Finding Hope in G.W Pabst’s Kameradschaft (1931)

I attended this screening at the Friends Meeting House in Brighton last night, as part of a series of screenings hosted by OpenColour. They obviously care deeply about film, and deserve any serious filmgoers support and attention. It was an honour to attend and I feel lucky to have been there. Information can be found here: http://www.opencolour.co.uk.

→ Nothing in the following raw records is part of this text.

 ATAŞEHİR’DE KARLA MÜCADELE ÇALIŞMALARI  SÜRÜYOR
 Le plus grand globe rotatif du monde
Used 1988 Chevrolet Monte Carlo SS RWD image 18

Step one is acknowledging that art typically reflects the time in which it is made. Step two is coming to the (depressing) realisation that whilst the specifics change, the conflicts of decades ago remain important today and we are never so far away from the past as to think ourselves above it. It is clear that last night’s screening of G.W Pabst’s Kameradschaft was a pointed statement on the UK’s impending exit from the EU, telling as it does a story of French miners working on the border, a fire and collapse in the mine that left the workers stranded, and German workers crossing that border to provide aid in a time of crisis.

As such, despite the film being nearly 90 years old, it retains a relevance that has been sustained in the decades since it was released. This is not to say that the film is ‘more relevant’ now; simply that the lessons the film can teach us have not diminished as we have become more enlightened.

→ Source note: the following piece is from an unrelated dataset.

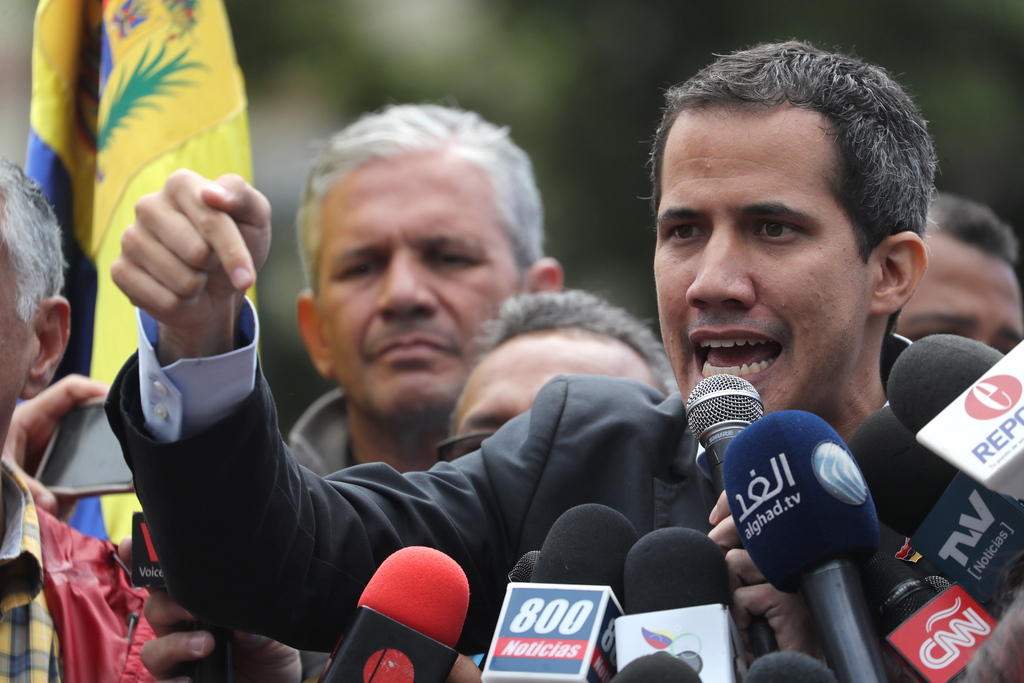 Juan Guaidó se dirige a manifestantes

The film reflects the upswing in modernity and the nature of physical labour, alongside the moral and traumatic consequences of the war just been and the war to come. The soundtrack clatters and bangs with the sound of industry and bustle, of drills, of piles of coal. Adolf Jansen’s soundscape is at once immersive and offputting, a stark reminder of the conditions of miners and all-consuming nature of labour. In conjunction with Erno Metzner’s convincingly realised sets, the film creates a well-defined cinematic space that aims for an accentuated realism over something excessively stylised. From the opening of young children playing in the dirt, to the early scenes set in the mining town, down to the thrilling sequences set in the mine, this is an organic and convincing work.

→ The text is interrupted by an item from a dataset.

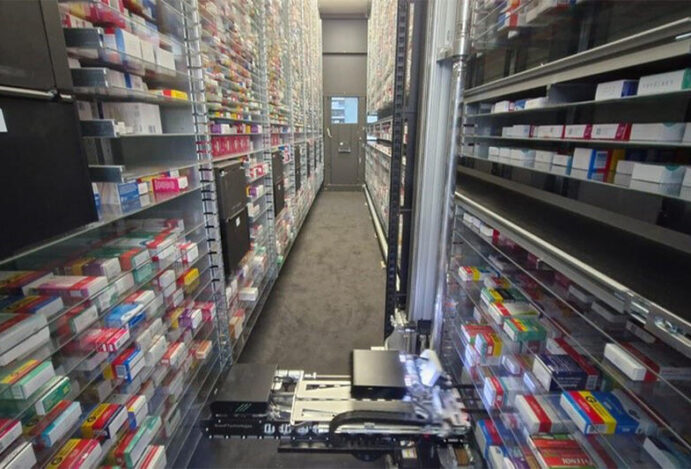 ROBÔ NA FARMÁCIA Robô, dispensação de medicamentos, Drogaria Coutinho, BD Rowa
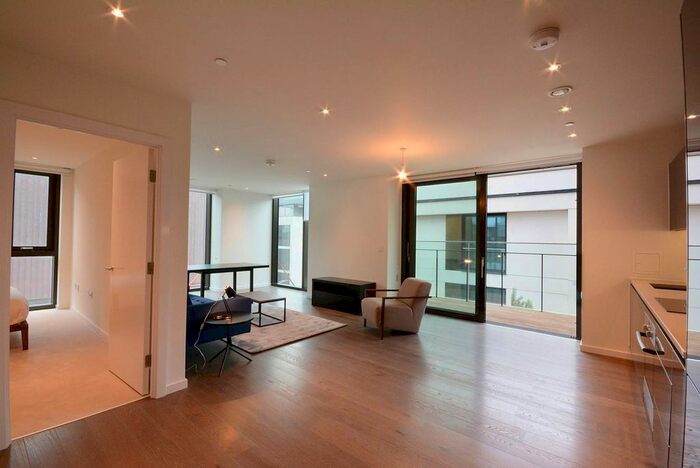 2 Bedroom Flat To Rent In St Gabriel Walk, Elephant And Castle, SE1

Each scene is composed with a simple geometry; the humans of Pabst’s film usually fill two thirds of the screen, with the telephone wires and mining towers jutting into the skyline, a canny and repeated visual metaphor for the then-ongoing expansion of modernity. When cinematographers Robert Baberske and Fritz Arno Wagner move the camera, it is with a sense of scope, surveying the crowds of distraught wives and girlfriends at the gates of the mine, and of the process of coal being shovelled, with equal brevity.

The film also predates the modern ensemble disaster film, in that there are no main characters, and we only learn a select few of the character’s names at all. Instead, individual scenarios are composed with such splinter-like precision that we know who everyone is without having to be spoonfed verbal cues. The young woman racing back; the three German men, nervously over the border, trying to get a French girl to dance with them; the grandfather dangerously entering the mine to rescue his grandson; the German workers racing through the border to help. Through these images and situations Pabst creates a stirring and at times incredibly emotional film, distilling what could have been melodrama into a series of recognisable human traits and qualities.

Ultimately, Pabst appeals to our better, collective natures, and despite the fact that we seem to have learned very little since this film was made, it is possible to watch this film and be optimistic. It’s simplicity and clarity strip away the accoutrements of the century that was to follow; the conflict takes precedence, and in doing so clears away any fog or ambiguity. The very image of workers coming together is a deeply stirring one, which Pabst knows the power of.

Yes, Pabst says, we should help one another. Isn’t it obvious?